My baffle board is a really tight fit that had to be beat on with a hammer to get into place as well. I actually thought about just leaving it as is with a pressure fit but figurer with two 15s eventually it might start moving around a bit. 

Just added L-brackets and screwed them in to the wood piece that was used as a flat base along the bottom of the baffle and along the top into the sheet metal. Still pretty easy to take out if needed with no damage other than some non visible holes from the screws if returned to stock.


----------



## Tweaked (Jun 21, 2015)

I'm really interested in doing this with my subs, but feel a little apprehensive. Would you guys mind looking at what I have and telling me if you think it would work? I have a pair of JBL S3-1224 subs, and the JBL GTO-1001EZ amp. Here are the specs for the sub.
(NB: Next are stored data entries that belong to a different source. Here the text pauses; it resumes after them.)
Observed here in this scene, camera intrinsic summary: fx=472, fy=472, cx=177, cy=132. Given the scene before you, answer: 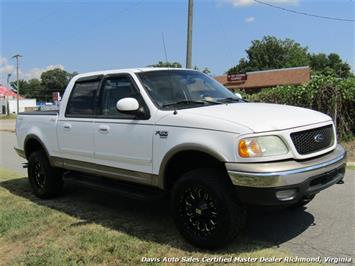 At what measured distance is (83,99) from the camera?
6.73 meters

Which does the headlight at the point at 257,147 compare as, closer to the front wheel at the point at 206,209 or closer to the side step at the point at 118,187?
the front wheel at the point at 206,209

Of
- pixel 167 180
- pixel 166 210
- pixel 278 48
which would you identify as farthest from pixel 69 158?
pixel 278 48

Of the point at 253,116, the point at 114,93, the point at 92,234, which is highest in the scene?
the point at 114,93

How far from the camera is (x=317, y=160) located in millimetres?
4766

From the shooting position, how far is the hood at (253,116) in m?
4.59

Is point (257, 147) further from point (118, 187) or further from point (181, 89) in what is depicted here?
point (118, 187)

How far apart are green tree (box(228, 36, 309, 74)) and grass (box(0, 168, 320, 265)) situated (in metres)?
84.1

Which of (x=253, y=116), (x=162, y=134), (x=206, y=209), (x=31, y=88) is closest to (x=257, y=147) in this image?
(x=253, y=116)

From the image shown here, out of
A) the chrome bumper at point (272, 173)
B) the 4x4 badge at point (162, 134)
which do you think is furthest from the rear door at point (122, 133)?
the chrome bumper at point (272, 173)

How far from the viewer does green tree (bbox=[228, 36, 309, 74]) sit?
89.1 meters

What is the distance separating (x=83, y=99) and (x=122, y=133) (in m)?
1.31

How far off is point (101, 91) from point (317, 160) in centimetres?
305

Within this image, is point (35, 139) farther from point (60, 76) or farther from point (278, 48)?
point (60, 76)

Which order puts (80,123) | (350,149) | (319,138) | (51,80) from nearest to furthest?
(319,138), (80,123), (350,149), (51,80) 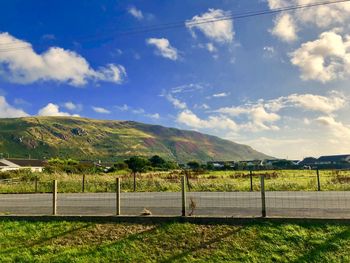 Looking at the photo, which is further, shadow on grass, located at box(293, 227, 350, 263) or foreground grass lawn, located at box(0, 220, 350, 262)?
foreground grass lawn, located at box(0, 220, 350, 262)

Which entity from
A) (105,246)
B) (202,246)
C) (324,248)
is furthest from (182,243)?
(324,248)

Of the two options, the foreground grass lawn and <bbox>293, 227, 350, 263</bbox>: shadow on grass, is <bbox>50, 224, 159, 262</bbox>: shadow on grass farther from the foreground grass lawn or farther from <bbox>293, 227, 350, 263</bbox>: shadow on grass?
<bbox>293, 227, 350, 263</bbox>: shadow on grass

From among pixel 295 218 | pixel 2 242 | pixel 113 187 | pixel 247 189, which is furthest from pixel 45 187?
pixel 295 218

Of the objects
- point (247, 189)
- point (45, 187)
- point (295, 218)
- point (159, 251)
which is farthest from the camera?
point (45, 187)

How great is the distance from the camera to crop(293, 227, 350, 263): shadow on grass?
8.94 m

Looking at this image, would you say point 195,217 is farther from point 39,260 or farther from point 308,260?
point 39,260

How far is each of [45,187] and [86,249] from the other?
19.3 meters

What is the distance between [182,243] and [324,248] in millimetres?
3762

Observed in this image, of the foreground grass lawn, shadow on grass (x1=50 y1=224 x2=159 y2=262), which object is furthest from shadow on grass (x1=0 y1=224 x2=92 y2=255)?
shadow on grass (x1=50 y1=224 x2=159 y2=262)

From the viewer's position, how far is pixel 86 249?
1002 centimetres

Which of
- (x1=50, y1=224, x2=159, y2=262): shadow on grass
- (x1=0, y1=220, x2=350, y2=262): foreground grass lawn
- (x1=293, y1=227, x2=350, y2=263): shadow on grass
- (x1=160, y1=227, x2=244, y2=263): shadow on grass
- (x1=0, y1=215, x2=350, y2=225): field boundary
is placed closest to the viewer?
(x1=293, y1=227, x2=350, y2=263): shadow on grass

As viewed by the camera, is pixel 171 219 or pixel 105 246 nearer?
pixel 105 246

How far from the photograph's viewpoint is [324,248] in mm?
9164

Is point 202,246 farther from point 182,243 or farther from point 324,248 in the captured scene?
point 324,248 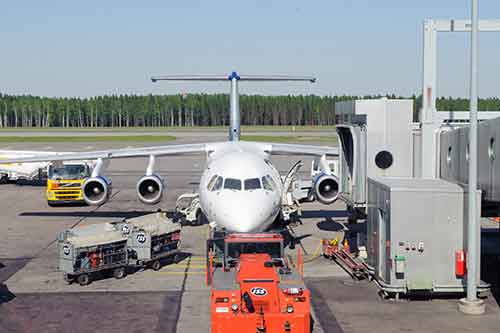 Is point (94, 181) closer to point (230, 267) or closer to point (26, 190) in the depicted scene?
point (230, 267)

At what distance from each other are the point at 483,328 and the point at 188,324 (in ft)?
23.6

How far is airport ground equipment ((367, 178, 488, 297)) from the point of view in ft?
→ 68.3

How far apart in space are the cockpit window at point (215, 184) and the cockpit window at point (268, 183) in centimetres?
148

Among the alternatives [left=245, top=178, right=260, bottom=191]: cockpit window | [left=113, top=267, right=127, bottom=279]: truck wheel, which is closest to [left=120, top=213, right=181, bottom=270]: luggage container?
[left=113, top=267, right=127, bottom=279]: truck wheel

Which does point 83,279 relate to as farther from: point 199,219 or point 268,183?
point 199,219

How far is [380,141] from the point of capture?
83.3ft

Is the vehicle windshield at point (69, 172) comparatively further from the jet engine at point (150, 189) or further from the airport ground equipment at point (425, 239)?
the airport ground equipment at point (425, 239)

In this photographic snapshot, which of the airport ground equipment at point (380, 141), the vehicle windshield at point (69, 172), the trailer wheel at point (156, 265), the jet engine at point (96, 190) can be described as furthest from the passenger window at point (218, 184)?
the vehicle windshield at point (69, 172)

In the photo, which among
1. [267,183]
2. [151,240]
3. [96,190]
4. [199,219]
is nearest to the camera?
[151,240]

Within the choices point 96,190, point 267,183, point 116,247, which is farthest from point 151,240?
point 96,190

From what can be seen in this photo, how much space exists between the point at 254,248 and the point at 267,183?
502 centimetres

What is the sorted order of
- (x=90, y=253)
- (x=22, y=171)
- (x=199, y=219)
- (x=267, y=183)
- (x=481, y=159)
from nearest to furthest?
(x=481, y=159) < (x=90, y=253) < (x=267, y=183) < (x=199, y=219) < (x=22, y=171)

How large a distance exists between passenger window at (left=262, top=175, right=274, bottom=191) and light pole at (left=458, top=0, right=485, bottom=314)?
300 inches

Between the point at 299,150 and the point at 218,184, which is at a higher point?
the point at 299,150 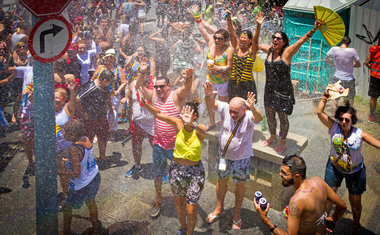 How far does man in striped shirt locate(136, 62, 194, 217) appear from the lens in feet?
16.8

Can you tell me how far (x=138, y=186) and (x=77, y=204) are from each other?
1.55m

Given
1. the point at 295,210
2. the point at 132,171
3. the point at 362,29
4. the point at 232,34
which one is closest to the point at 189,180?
the point at 295,210

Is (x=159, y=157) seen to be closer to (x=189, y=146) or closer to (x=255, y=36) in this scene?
(x=189, y=146)

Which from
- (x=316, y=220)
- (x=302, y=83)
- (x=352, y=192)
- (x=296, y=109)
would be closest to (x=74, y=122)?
(x=316, y=220)

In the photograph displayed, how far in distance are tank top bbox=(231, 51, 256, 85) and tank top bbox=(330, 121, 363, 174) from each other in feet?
5.08

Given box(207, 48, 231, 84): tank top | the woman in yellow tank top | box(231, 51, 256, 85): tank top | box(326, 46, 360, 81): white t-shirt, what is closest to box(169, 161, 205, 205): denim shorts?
the woman in yellow tank top

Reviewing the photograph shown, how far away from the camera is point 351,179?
4516mm

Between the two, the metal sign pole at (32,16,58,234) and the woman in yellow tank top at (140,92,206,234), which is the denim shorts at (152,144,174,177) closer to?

http://demandware.edgesuite.net/aau...n/default/dwe58bbe0e/pdfs/SERIESIII_OM_EN.pdf


----------



## BuickGN (May 29, 2009)

Tweaked said:


> I'm really interested in doing this with my subs, but feel a little apprehensive. Would you guys mind looking at what I have and telling me if you think it would work? I have a pair of JBL S3-1224 subs, and the JBL GTO-1001EZ amp. Here are the specs for the sub.
> 
> http://demandware.edgesuite.net/aau...n/default/dwe58bbe0e/pdfs/SERIESIII_OM_EN.pdf


They look like they will work fine and they should sound really good. The only thing that could be better is the 12mm xmax. At least you have two of them. If you're running them sealed right now, they will get just as loud IB. After running them for a while and watching excursion you might decide to use the subsonic filter to limit excursion on the low end a little but you might not have to use it at all. I used a single 12W6 for a while and loved it. Output was fine for 90% of my listening. I had to watch it when frequencies dropped to near 30hz but above that it would get plenty loud without too much excursion. Your pair of 12s will have more displacement than my 12W6 so I think you will be fine. If you're currently using these subs in a ported setup, you might end up wanting more output.


----------



## Tweaked (Jun 21, 2015)

They are brand new in box and I have never heard them. This is my first serious build in over 10 years. With my amp, should I run them in 4 ohms rather than 2 ohms? This would put my amp at about 650w RMS X1 @ 4ohms. That would give me about 325w per sub.


----------



## rton20s (Feb 14, 2011)

I'd seen the pictures of the new JBL drivers and was a little concerned that they were taking a step backward. After seeing the specs, I am now all but certain that they are. It will be interesting to see what they come up with to replace the GTi.


----------



## Tweaked (Jun 21, 2015)

rton20s said:


> I'd seen the pictures of the new JBL drivers and was a little concerned that they were taking a step backward. After seeing the specs, I am now all but certain that they are. It will be interesting to see what they come up with to replace the GTi.


Why do you say that?


----------



## rton20s (Feb 14, 2011)

Tweaked said:


> Why do you say that?


Just looking at the two drivers (comparing S3 to GTO), it appears that JBL has gone cheap on aspects of the driver. The basket, in particular. Not that a stamped steel basket can't be just fine. I'd also be curious to see what was under that big motor cover. Looking at the specs, there is also a 14% reduction in displacement. 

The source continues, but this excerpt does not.